NETHERLANDS - The €23.7bn Dutch metal scheme PME has said it will not apply early benefits cuts on 1 January 2011.

The pension fund said it had satisfied the pensions regulator De Nederlandsche Bank (DNB), after an evaluation of its recovery plan, that a discount would be unnecessary.

In August, former social affairs minister Piet Hein Donner said PME was one of 14 pension funds that would need to bring forward benefit cuts to lift its funding ratio to at least 105%.

In its recovery plan, the industry-wide scheme for the Metalektro had already factored in a 4.4% cut should its improvement fall short of the mapped out recovery.
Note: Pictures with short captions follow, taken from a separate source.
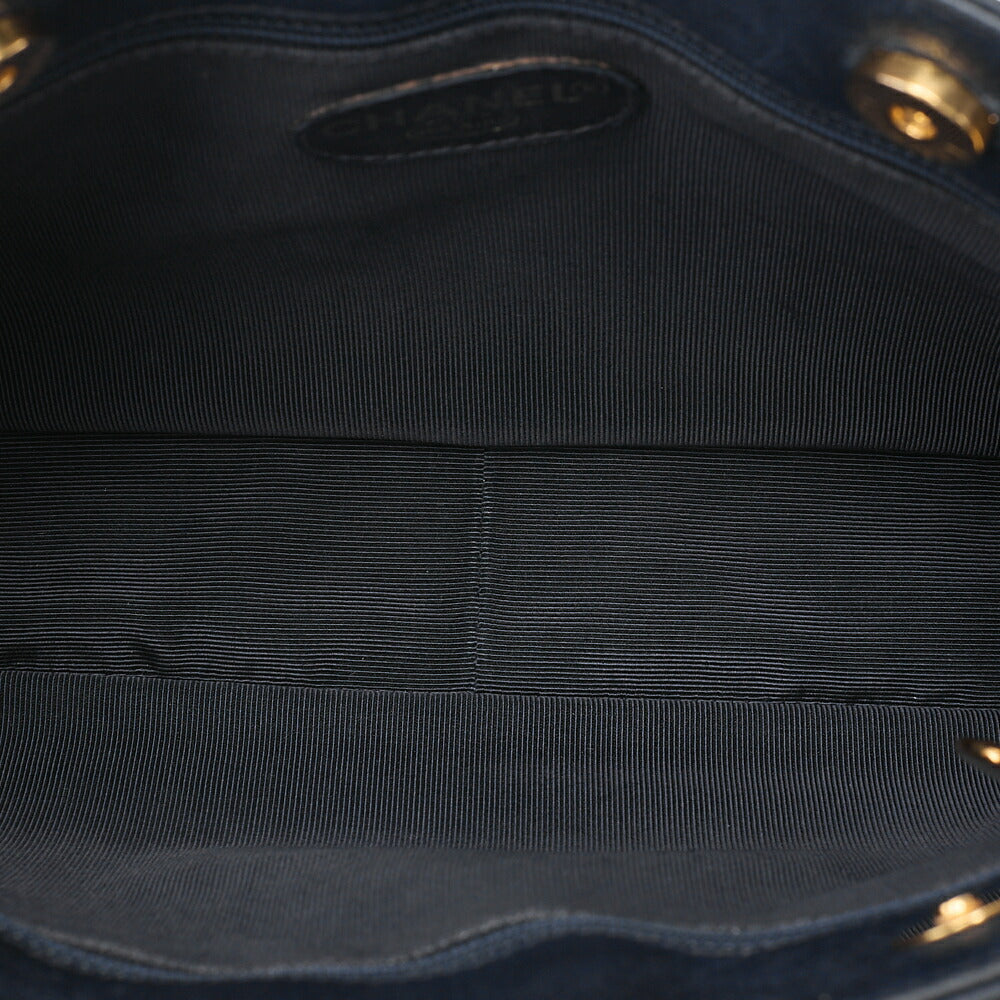 CHANEL Caviar Skin Turnlock Outside Flap W Chain Shoulder Navy Gold-Tone Hardware, Pre-Owned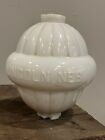 Antique 2 Milk Glass W C Shinn Lincoln Neb Lightning Rod Ball Weathervane  17b 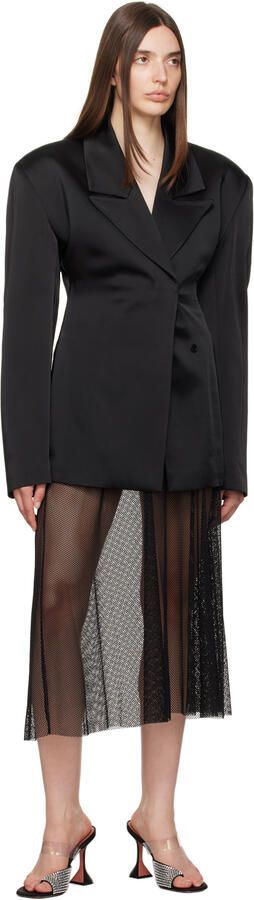 Amina Muaddi Black Paloma Slipper Heeled Sandals - Picture 4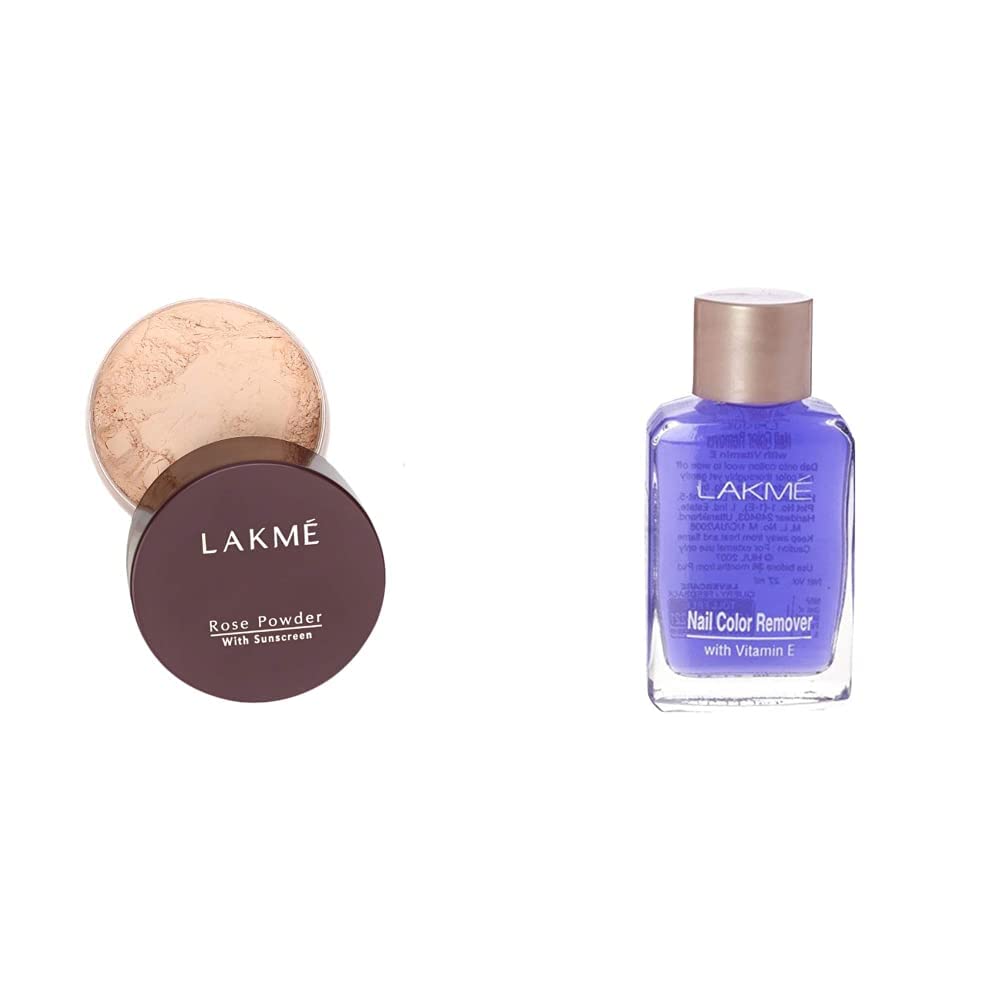 LAKMÉ Rose Matte Face Powder for Oily Skin - Soft Pink 40G & Nail Polish Remover 27Ml | Oil Control Makeup & Nail Care Kit for Daily Beauty Routine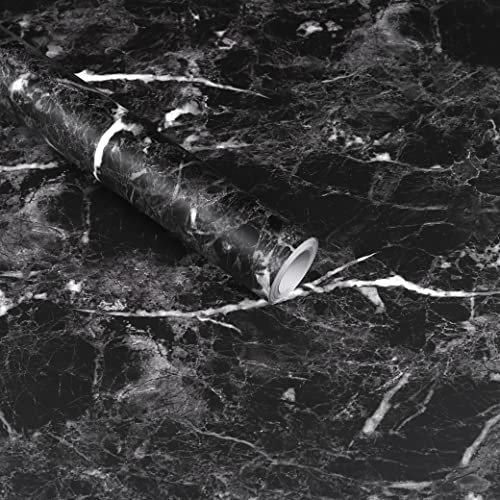 Klebefolie Möbel Marmor Möbelfolie Schwarz Selbstklebend Folie 40cmX500cm Wasserdicht Tapeten Dekofolie für Möbel Wände Schränke Küche Tische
However, following comments by the DNB on increased longevity, PME indicated that it would carry out a study into the specific effects of the latest predictions on its population.

According to Gerda Smits, spokeswoman for PME, the pension fund has not yet factored in the Actuarial Society's most recent forecasts.

"At the moment, we are expecting that this will lead to an increase of our liabilities of approximately 4%," she said.

As at the end of October, the pension fund's coverage ratio was 96% - its funding will have to be increased to 96.2% by the end of 2010.

In other news, the €230m Dutch scheme of oil company Total said it would not need to apply an early benefits discount either.

Its coverage ratio was 95.2% as at the end of October, 0.9 percentage points above the level that would trigger cuts, it said.

Meanwhile, the €27m Dutch scheme of marketing bureau JWT said it had avoided a looming benefits cut due to an extra contribution from the employer.

It will also liquidate itself, after its assets were moved into a guaranteed pension plan with insurer Nationale Nederlanden, according to Willem Roobol, the scheme's chairman.

At the end of June, the JWT scheme had a coverage ratio of 83%.